[Records for the task Boundary: Start]

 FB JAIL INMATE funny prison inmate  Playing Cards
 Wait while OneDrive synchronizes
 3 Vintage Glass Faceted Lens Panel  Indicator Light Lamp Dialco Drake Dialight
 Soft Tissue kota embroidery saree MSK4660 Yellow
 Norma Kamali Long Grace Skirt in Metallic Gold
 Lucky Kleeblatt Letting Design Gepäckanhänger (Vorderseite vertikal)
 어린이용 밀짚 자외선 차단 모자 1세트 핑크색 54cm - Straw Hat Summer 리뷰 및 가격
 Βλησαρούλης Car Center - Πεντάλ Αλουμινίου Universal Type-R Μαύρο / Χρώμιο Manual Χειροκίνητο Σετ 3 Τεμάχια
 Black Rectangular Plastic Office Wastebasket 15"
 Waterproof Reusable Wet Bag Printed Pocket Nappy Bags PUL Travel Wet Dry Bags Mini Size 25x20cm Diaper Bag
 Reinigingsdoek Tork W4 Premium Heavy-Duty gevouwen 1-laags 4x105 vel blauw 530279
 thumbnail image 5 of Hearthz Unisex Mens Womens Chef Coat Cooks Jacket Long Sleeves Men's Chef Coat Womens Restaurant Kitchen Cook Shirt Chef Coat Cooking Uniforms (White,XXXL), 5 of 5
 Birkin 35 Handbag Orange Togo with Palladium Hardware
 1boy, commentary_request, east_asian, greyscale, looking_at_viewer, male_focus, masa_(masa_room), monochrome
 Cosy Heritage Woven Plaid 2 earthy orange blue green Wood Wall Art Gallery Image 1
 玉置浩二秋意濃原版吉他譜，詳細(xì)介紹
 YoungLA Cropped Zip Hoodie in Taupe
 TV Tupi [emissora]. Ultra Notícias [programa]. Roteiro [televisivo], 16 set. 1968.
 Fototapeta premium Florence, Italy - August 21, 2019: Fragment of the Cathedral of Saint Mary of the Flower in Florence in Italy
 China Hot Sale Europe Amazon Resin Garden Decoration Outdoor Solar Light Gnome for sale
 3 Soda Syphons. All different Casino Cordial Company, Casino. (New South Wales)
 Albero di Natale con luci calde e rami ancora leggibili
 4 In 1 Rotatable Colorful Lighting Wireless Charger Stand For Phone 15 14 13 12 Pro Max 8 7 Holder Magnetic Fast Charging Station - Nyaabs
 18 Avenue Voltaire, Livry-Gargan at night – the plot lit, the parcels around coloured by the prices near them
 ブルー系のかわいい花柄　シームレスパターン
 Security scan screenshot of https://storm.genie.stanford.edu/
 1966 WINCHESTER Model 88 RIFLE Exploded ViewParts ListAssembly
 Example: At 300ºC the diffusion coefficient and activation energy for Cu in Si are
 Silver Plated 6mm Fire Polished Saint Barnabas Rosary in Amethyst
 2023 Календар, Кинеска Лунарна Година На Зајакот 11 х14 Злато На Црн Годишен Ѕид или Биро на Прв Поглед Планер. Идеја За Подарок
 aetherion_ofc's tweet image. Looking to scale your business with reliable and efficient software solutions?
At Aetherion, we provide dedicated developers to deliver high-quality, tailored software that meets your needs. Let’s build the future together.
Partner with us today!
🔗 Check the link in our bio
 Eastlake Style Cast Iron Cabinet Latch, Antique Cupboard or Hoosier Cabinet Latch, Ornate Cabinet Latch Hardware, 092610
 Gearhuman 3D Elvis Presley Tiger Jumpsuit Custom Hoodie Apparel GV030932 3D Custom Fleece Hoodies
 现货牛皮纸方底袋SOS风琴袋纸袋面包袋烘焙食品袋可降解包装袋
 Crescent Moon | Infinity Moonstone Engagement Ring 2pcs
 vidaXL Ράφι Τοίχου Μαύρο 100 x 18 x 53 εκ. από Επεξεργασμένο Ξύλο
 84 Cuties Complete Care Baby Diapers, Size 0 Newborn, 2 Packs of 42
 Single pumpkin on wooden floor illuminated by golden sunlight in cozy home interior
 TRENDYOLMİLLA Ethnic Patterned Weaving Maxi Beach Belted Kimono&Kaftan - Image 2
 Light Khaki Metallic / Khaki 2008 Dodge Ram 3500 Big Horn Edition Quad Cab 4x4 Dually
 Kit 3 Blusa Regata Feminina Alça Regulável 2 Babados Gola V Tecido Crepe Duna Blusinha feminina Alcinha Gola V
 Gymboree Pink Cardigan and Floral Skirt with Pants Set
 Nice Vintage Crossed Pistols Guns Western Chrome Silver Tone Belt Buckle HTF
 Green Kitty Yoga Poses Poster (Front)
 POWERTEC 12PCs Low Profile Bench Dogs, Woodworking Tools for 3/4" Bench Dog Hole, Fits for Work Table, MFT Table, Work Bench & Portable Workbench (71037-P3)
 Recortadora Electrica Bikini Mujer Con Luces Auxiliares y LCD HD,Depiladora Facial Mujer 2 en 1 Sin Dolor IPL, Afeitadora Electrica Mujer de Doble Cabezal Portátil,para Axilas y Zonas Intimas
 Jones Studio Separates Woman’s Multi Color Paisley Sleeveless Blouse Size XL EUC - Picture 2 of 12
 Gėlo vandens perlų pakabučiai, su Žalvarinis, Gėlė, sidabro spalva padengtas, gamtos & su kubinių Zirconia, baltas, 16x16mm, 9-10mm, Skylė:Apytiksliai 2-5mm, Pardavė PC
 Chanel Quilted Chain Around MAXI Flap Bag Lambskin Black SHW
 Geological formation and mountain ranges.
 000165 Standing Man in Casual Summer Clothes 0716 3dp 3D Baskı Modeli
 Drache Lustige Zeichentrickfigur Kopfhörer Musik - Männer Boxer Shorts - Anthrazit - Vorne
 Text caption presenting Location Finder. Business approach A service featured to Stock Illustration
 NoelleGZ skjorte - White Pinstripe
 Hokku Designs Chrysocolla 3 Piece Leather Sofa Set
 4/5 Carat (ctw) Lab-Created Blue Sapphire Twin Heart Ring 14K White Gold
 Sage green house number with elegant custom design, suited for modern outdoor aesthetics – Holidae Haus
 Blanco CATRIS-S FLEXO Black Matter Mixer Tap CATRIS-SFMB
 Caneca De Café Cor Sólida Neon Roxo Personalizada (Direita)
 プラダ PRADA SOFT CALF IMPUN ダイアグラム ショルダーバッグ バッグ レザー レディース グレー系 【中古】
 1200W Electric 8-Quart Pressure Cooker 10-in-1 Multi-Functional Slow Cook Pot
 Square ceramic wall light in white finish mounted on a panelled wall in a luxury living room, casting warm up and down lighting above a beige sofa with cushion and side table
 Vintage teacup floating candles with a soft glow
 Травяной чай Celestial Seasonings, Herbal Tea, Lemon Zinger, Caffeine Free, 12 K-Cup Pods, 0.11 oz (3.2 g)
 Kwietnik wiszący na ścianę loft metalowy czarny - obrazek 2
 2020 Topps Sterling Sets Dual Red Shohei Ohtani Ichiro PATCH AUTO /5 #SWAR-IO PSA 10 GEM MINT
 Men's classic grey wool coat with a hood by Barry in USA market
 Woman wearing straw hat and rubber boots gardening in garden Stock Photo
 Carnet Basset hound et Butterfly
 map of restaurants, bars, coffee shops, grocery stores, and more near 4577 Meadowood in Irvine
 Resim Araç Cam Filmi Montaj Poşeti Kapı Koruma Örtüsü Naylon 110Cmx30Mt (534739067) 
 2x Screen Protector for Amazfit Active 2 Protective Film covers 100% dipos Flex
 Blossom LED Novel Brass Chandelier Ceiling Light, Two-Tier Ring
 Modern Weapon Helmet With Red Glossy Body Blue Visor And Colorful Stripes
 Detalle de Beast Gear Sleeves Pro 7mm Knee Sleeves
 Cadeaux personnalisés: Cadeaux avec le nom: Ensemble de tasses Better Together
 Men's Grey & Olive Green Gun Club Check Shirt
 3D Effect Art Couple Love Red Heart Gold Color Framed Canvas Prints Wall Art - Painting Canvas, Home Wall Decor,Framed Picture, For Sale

[Records for the task Boundary: End]

▸ **Your instructions**
Copy the lines of the data above exactly as written, beginning with the line containing "Light Khaki Metallic" and ending with the line containing "Nice Vintage Crossed", and leave out all other lines.

▸ **Task solution**
 Light Khaki Metallic / Khaki 2008 Dodge Ram 3500 Big Horn Edition Quad Cab 4x4 Dually
 Kit 3 Blusa Regata Feminina Alça Regulável 2 Babados Gola V Tecido Crepe Duna Blusinha feminina Alcinha Gola V
 Gymboree Pink Cardigan and Floral Skirt with Pants Set
 Nice Vintage Crossed Pistols Guns Western Chrome Silver Tone Belt Buckle HTF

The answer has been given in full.